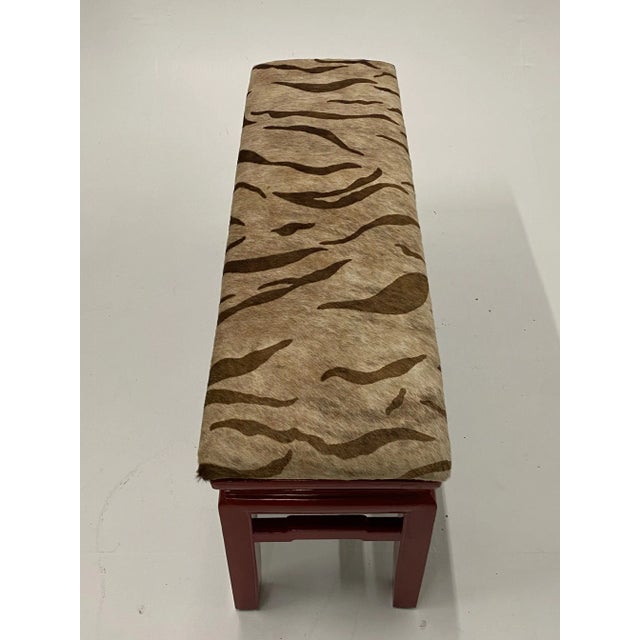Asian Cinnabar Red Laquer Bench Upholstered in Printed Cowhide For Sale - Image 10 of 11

...

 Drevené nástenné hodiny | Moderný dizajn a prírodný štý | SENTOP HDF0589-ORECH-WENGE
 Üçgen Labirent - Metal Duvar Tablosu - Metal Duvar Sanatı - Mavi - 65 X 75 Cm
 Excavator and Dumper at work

== Problem to work on ==
Beginning with the line holding "Üçgen Labirent - Metal" and ending with the line holding "Excavator and Dumper at work", write out the stretch of material above exactly; add no further lines.

== Your response ==
 Üçgen Labirent - Metal Duvar Tablosu - Metal Duvar Sanatı - Mavi - 65 X 75 Cm
 Excavator and Dumper at work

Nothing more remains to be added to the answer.